おんじ:「ハイジ、外の様子をちょっと見てきてくれないかい」
ハイジ:「は~い!見てくるわね!」
そして、鳩時計みたいな巨大な窓がゴゴゴゴゴと開き、中から巨大なハイジの人形出現!さらには女性の声で「ハ~~イディ~~ ハ~~イディ~~♪(何か、こう書くと『2001年宇宙の旅』のHALみたいやな)」とテーマソングが流れ出した!それは決して「おっしえってえ~ おぢい いっ さんんん~~♪」というカルピス名作劇場のそれではない!
ハイジ:「あら、たくさんの人がいるわねえ。ユキちゃん、出てきてご挨拶しなさい」
巨大なハイジの機械仕掛けの手がぎごちなく動き、その手に握られた鐘がガランガランと鳴り響くと、これまた巨大かつ不気味なヤギの人形が出現!
ユキちゃん:「めへへええぇぇ~」
さらに、奥からペーターも出現!ってか、何か、ガラ悪そ~だぞ、このペーター!この間、ユキちゃんの安っぽいFRPづくりの胴体が、さらにぎごちなく動く!
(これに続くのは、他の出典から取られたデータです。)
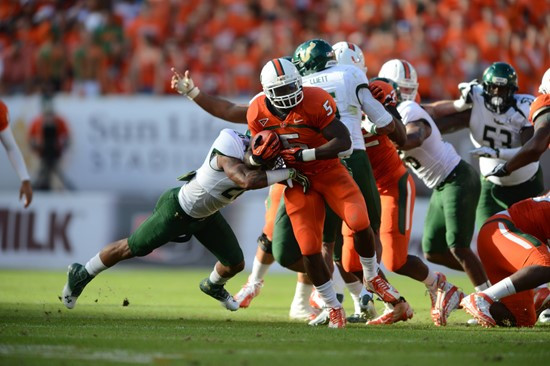 University of Miami Hurricanes running back Mike James #5 carries the ball against the University of South Florida Bulls at Sun Life Stadium on...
ハイジ:「さぁ、ユキちゃん、そろそろ中に入りなさい」
これでペーターとユキちゃん、退場!一言もしゃべらなかったペーター、おまえ、何しに出てきたのよ!それよか、クララを出した方が萌え~なんじゃないのか?(違)
ハイジ:「どうぞ、皆さんも遠慮しないで中に入ってね!」
ここでハイジは、例の「ハ~~イディ~~ ハ~~イディ~~♪」のテーマソングと共に退場!この間、テーマソング、さすがにスイスらしく「ヨロレイヒヨロレイヒ~♪」っつって、ヨーデルのコーラスになってるし。
ってか、このハイジ時計、商業施設の入口の所にあるのだが「中に入ってね!」って、つまり買い物していけってことか!?あどけないキャラを装って、そんなにあざといことやっちまうほどスレちまったのか、ハイジ!?しかも素直なボクチンは、中に入って、何か土産でも買おうかと思ったけど、ぜんっぜん、ふつ~の地元用の品揃えしかないじゃんよ!
スイスと言えば時計などの精巧機器が強いというイメージがあるけど、その技術がこんなところで無駄に高精度で発揮されてるってのは、どうよ?と言う疑惑を残しつつ、ハイジ時計はハイジ村よりも強烈な印象をボクチンの胸に残したのでありまちた。